The causal diagram in Figure 3A depicts multiple versions of the treatment “travel distance to care”, where Distance(v1), Distance(v2), and Distance(v3) represent the 3 potential versions of treatment and L(v1), L(v2), and L(v3) denote the 3 sets of (potentially overlapping) confounders for each version of treatment. The diagram is simplified in Figure 3B by collapsing the 3 versions of distance into a single variable Distance(v) and collapsing the confounders into a single variable L(v). We assume that Distance(v) causes Distance rather than Distance causing Distance(v). By estimating the association between distance (“live within a 100-km travel distance from the nearest major delivery center”) and the outcome, we are measuring the impact of a weighted average of many versions of treatment Distance(v) for which we have not measured the potential confounders L(v) and for which the weights are unknown. Note that even if we treated distance as a continuous variable with ≥100 instead of 2 categories of treatment, the problem described here would only be partially ameliorated, because the versions of treatment for a continuous distance are still unknown and might have different confounders.

Figure 3.

Figure 3.

Causal diagram including distance, outcome (in our case study, stillbirth), versions of distance Distance(v), and shared causes L(v) of Distance(v) and outcome. Confounding might occur via the path following Distance(v), L(v), and outcome. A) Three versions of distance and 3 shared causes for each version of distance and the outcome. B) A simplified causal diagram including 1 node for versions of distance and 1 node for shared causes of versions of distance and the outcome.

Many versions of the comparator treatment “live a >100-km travel distance from the nearest major delivery center” also exist. In Botswana, some women live more than 100 km from the nearest major delivery hospital but stay with a relative near the delivery center later in pregnancy, a practice that also exists globally. Some women might have attended their first antenatal care visit at a different clinic from where they usually receive antenatal care. Finally, some women who live >100 km from the nearest major delivery center might live close to a smaller delivery center or other location where a safe birth could occur. These versions of the treatment “live a >100-km travel distance from the nearest major delivery center” could also have different confounding structures and different impacts on adverse health outcomes.

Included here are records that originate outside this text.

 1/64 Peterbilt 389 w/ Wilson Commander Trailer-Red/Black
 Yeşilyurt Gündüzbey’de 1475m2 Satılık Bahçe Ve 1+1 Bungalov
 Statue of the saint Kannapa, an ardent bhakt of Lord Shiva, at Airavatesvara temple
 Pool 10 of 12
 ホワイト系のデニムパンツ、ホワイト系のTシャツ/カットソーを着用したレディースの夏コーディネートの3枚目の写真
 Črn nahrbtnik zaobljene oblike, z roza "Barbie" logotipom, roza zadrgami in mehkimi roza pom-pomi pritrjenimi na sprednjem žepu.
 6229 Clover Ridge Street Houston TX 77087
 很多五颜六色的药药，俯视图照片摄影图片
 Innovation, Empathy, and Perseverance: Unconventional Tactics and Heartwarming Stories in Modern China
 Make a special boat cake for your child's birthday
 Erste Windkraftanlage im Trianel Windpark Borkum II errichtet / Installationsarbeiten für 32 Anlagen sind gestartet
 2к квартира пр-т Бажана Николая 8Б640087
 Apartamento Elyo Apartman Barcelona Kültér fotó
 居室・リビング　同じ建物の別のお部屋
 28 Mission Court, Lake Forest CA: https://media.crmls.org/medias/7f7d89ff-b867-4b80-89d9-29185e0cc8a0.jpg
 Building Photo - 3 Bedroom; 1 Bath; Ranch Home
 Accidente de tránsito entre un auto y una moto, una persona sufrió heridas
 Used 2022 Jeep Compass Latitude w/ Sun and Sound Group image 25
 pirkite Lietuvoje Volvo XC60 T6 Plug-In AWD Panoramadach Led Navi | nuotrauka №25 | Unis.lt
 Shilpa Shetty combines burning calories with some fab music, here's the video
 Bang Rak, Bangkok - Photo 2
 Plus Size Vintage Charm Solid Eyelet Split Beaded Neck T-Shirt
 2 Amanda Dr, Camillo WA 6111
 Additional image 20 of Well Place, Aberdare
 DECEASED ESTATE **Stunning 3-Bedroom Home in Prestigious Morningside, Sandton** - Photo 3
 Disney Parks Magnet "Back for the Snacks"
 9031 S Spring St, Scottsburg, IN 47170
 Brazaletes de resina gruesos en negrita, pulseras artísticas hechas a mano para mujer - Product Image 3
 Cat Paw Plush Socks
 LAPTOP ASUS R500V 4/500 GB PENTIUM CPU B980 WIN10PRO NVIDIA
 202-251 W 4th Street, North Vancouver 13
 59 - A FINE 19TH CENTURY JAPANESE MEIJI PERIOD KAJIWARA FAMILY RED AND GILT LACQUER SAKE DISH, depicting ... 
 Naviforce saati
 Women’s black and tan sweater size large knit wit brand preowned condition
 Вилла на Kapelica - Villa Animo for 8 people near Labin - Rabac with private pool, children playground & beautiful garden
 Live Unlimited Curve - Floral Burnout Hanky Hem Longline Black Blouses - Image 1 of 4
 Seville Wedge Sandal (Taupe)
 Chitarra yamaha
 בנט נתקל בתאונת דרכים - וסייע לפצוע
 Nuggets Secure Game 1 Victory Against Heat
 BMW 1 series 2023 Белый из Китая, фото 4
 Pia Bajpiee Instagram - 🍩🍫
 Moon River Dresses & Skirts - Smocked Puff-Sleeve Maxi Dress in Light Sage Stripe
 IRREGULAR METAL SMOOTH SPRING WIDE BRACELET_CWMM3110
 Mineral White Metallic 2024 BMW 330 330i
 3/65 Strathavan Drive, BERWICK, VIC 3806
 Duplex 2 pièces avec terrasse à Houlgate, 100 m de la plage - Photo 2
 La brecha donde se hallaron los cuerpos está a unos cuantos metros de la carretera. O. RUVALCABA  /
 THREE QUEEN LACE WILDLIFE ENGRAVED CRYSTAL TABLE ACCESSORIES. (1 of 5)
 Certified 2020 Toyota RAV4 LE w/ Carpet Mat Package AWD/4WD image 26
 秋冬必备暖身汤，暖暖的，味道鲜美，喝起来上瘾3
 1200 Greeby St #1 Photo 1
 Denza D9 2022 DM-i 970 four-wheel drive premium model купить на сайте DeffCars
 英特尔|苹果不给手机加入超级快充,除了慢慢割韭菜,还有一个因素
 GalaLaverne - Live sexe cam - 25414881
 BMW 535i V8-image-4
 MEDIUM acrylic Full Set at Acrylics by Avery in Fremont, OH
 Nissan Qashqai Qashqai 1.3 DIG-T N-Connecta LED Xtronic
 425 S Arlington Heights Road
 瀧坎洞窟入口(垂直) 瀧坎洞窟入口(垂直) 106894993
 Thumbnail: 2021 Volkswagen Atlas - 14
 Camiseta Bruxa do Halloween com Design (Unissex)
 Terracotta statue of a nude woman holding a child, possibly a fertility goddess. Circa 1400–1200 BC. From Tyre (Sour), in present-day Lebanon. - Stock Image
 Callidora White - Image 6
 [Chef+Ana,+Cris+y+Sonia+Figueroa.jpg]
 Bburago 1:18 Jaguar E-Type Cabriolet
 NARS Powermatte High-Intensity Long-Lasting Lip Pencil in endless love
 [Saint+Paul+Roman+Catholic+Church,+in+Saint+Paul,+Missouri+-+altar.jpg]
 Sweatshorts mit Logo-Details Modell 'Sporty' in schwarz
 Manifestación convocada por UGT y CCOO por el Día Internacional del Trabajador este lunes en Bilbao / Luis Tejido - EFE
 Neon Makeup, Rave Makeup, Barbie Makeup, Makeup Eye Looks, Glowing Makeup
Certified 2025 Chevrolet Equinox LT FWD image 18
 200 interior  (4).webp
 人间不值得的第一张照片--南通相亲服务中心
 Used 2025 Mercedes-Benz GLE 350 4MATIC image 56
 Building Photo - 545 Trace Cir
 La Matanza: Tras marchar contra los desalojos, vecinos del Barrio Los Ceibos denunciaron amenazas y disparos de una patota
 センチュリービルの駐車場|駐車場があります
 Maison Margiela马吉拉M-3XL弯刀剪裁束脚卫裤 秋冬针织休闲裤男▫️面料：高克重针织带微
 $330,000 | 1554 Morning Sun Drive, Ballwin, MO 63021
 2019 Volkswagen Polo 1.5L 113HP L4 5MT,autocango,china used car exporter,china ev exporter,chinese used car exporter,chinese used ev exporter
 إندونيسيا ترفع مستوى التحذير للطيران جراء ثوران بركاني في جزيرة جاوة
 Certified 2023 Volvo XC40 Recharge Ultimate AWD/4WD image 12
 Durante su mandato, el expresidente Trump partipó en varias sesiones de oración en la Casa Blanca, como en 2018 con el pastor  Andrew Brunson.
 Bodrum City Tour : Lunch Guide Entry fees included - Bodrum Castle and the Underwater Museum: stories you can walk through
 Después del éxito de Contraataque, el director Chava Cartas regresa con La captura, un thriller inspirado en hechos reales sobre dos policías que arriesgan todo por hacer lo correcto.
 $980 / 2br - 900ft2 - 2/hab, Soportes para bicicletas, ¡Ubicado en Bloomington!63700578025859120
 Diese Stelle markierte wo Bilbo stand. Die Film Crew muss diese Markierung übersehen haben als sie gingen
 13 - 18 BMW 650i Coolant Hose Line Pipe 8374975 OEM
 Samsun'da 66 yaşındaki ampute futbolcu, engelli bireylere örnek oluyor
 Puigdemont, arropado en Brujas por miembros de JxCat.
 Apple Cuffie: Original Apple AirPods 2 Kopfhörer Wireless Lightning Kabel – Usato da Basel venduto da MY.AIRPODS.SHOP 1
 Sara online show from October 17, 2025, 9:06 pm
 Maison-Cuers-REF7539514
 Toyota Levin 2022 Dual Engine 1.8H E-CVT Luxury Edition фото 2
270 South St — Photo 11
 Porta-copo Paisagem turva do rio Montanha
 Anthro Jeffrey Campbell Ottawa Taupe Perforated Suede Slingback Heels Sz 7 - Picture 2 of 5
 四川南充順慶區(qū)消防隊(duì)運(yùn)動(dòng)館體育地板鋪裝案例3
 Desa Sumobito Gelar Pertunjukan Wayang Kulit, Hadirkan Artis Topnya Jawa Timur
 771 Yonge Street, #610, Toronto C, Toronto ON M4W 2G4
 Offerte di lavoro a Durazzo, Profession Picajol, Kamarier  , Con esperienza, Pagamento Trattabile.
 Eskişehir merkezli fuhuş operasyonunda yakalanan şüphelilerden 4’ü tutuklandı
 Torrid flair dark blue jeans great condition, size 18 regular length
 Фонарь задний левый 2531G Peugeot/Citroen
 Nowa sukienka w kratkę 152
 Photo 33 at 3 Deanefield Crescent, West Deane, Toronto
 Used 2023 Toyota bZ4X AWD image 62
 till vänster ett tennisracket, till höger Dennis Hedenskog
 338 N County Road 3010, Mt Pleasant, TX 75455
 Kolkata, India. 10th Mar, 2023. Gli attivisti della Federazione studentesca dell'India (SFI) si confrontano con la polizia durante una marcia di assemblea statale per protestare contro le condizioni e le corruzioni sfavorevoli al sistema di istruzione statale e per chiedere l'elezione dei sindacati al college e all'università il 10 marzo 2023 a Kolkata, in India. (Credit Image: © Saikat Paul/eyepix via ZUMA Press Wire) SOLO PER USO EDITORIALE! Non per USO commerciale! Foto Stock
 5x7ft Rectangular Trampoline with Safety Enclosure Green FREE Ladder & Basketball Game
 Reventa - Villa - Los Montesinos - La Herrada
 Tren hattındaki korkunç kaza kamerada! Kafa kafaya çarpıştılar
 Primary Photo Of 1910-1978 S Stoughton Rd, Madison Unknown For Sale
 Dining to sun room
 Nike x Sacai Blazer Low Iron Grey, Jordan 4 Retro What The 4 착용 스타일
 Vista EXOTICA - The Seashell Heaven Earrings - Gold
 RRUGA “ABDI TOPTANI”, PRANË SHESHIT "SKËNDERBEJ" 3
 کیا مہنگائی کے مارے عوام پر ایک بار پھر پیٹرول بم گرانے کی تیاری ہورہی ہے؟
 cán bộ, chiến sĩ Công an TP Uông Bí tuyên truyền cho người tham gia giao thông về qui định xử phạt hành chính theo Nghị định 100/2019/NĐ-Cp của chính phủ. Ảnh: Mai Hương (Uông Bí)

Issue 4: measurement error and misclassification

Separate from the question of whether we could define an exposure that corresponded to a sufficiently well-defined intervention for distance to care (issue 3), the validity of our results could still be affected by measurement error and misclassification. Suppose, for example, that we defined an intervention of interest based on reducing travel time. Accurate calculation of travel time requires high-quality information on the location, quality, and congestion of roads and on available modes of transportation, and such high-quality information might not be available in one’s data set. Measurement error for travel time could be a greater issue in more rural areas; likewise, dichotomizing distance can lead to misclassification when the underlying variable is measured with error (35).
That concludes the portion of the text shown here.